Eighteen months before it is due to repay a Eurobond of US$750 million (N$14,3 billion), the government is strategising on how to repay the debt it took on in 2011.
Finance minister Iipumbi Shiimi during his 2024/25 budget on Wednesday said the government has a significant amount of debt that needs to be paid back, the largest single-day debt being the US$750 million Eurobond which is due next year.
This Eurobond, worth US$500 million, was issued during the presidency of Hifikepunye Pohamba and has been recorded on Namibia’s financial records since its issuance in 2011.
The funds from the Eurobond were used for various projects, including the implementation of the National Housing Enterprise housing initiative.
The repayment of this Eurobond is scheduled for 29 October 2025.
“This is the largest single-day debt maturity in the history of our country,” Shiimi said.
To manage this, Shiimi said the government plans to set aside at least N$3,5 billion from Southern African Customs Union (Sacu) receipts in the fiscal year 2024/25, and another N$2 billion in 2025/26 to a sinking fund.
This fund is meant to ensure that they have enough money to pay off two-thirds (US$500 million) of the Eurobond when it matures.

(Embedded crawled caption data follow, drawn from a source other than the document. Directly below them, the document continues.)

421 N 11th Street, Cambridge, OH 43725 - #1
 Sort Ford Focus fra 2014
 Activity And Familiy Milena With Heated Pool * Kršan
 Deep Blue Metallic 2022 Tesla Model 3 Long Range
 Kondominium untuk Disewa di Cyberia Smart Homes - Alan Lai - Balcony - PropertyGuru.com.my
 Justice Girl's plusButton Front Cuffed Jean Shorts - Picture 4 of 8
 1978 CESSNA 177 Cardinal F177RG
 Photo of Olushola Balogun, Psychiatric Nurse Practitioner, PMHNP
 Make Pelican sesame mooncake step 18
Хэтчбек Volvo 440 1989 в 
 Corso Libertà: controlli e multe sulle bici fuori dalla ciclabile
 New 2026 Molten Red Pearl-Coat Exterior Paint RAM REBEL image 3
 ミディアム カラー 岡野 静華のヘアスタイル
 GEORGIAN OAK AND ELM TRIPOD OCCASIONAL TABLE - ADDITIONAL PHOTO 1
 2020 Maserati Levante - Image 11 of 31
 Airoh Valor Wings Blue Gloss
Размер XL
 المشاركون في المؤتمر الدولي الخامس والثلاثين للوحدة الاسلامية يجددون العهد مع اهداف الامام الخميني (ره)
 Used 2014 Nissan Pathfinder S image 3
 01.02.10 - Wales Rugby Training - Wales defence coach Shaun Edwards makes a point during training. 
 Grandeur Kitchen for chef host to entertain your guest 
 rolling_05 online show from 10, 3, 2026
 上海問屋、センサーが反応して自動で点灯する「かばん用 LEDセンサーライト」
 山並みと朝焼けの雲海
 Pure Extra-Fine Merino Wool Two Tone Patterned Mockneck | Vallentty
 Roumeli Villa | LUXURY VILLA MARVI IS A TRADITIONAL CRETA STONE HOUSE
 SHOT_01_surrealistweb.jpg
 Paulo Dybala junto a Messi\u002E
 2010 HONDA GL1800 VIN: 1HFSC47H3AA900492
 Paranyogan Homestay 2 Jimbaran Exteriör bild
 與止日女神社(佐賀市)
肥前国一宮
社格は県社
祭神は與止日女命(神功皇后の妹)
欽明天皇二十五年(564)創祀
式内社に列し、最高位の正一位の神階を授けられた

Shiimi announced that Namibia estimates revenue of N$28 billion from Sacu receipts during the 2024/25 financial year.
Sacu receipts are funds that Namibia gets from participating in this union, which it can use for various purposes.
In the recent budgets, the government has made provision to finance the repayment of the Eurobond from Sacu receipts.
“Consequently, the remaining one-third of the bond (US$250 million) will be refinanced utilising the most cost-effective instrument in the next financial year, cognisant of the prevailing high interest rate environment and the need to manage debt servicing costs,” Shiimi said.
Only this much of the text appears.